Булановцы и сами толком не знали еще, куда это они собрались. И уже дорогой, видя, как зябнут ребятишки, как мучается по снежным дорогам и беспокоится ничего не понимающая скотина, они решили пока что далеко не забираться. Да тревожила и думка о покинутых дворах: мещера, черти, возьмет да и запалит из озорства… И, посудив порядком и так и эдак, они решили спрятаться от беды пока что на Исехре. Место болотистое, крепкое, дремучее, – авось не полезут… А для пропитания там и зверя всякого много, и рыба в озерах есть хорошая – кроме Исехры было там еще недалеко другое озеро, Котлино, которое с Исехрой речкой Бужей соединялось… И на их счастье, вьюга стала разыгрываться – так следы заметет, что и свой не найдет…
С большой нужей пробились они снежными лесами на берег Исехры.
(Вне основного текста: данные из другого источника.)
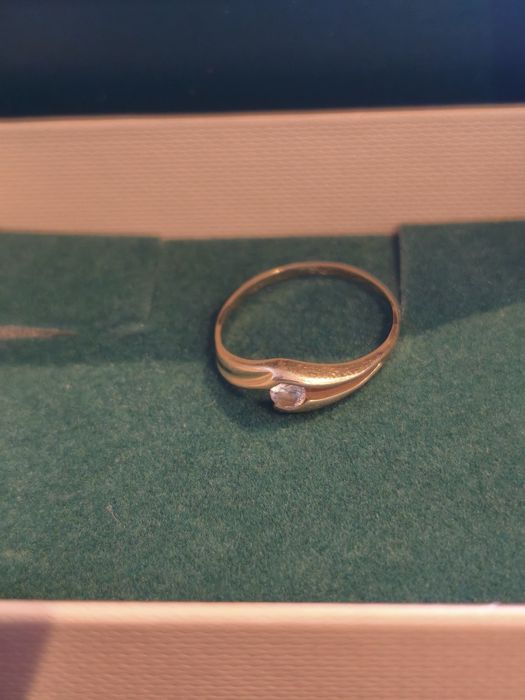 Złoty pierścionek 585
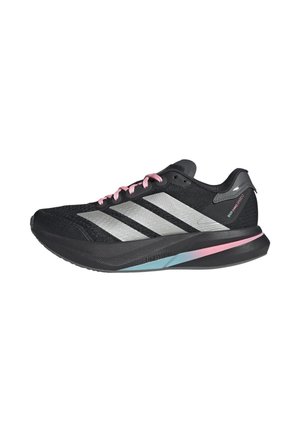 Chaussure de running noire Adidas avec trois bandes argentées, des lacets roses et une semelle épaisse aux accents roses et bleus.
Гладкая, белая поверхность огромного озера вся была исписана лесными письменами: тут вот лоси прошли, тут стая волков кружилась, там набродили узорно глухари, тетерева, рябцы, белые куропатки, там белки играли, там куница прошла, там заяц напетлял на заре… Булановцы, тревожно галдя, выбрали невысокий песчаный бугор на той стороне, поросший заоблачными соснами, и сейчас же взялись землянки рыть. И как только пробили верхний, мерзлый слой земли, корку, так работа пошла в сыпучем золотом песке так споро, что к ночи почти все забились уже в свои норы. А остальные пожары великие разложили, и дремали около них всю долгую зимнюю ночь, слушая тягучую перекличку волков по болотам Бужи…
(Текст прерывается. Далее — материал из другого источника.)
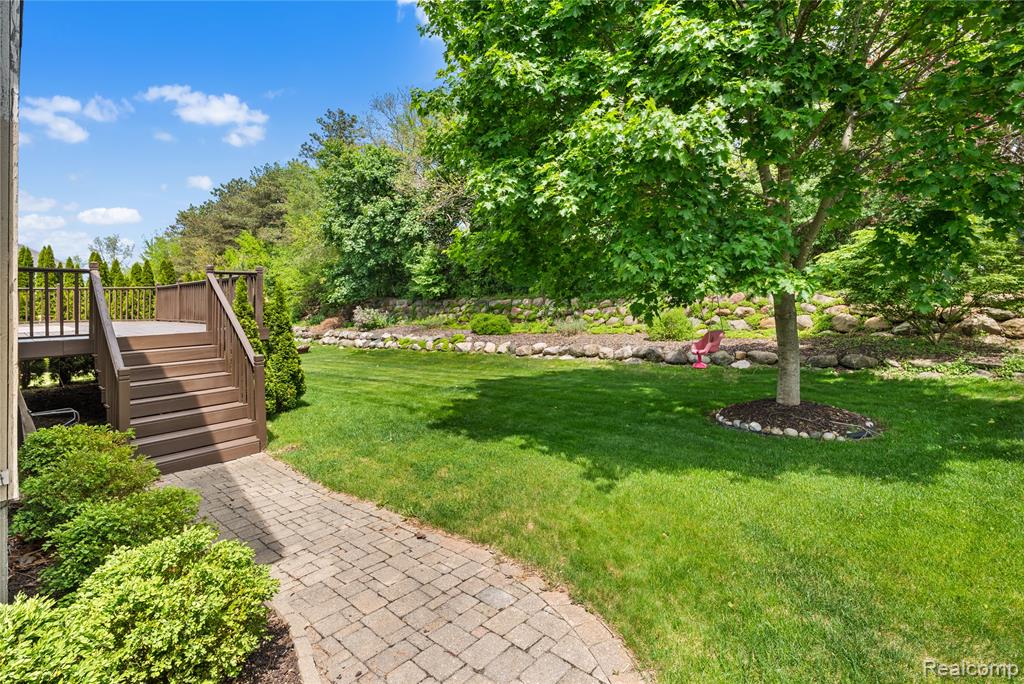 175 Franklin Lake Circle, Oxford, MI 48371 — Photo 48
С утра опять работа закипела: надо было доводить начатые постройки до конца. Часть молодежи в леса ударилась: кляпцы на птицу и зверя ставить. Некоторые пробивали на озере лед, чтобы рыбой заняться. И сизый дымок из землянок, поднимавшийся среди золотых стволов старых сосен, придавал поселку обжитой, уютный вид. «Ничего, гоже… – говорили булановцы, подбадривая один другого. – Проживем как ни то…» Но ночью ребята залезли на сосны и снова увидели вдали, к рязанской дороге, страшные зарева. И опять темная тревога полонила сердца… Но среди лесных великанов гудел разыгравшийся ветер, сухо шелестела вьюга, и от пробитой булановцами дороги не оставалось и званья.
Так прошло несколько дней. И вдруг как-то под вечер, когда над лесом полыхал багровый – к морозу – закат и все вокруг, и леса, и озеро, и облака, было огненно-красное, среди глубокой тишины зимнего леса послышалось вдруг вдали звонкое ржание коня. Булановские лошаденки, скукожившиеся под навесами из еловых ветвей от холода, отозвались на зов. И из лесу снова донеслось тонкое и звонкое ржание коня…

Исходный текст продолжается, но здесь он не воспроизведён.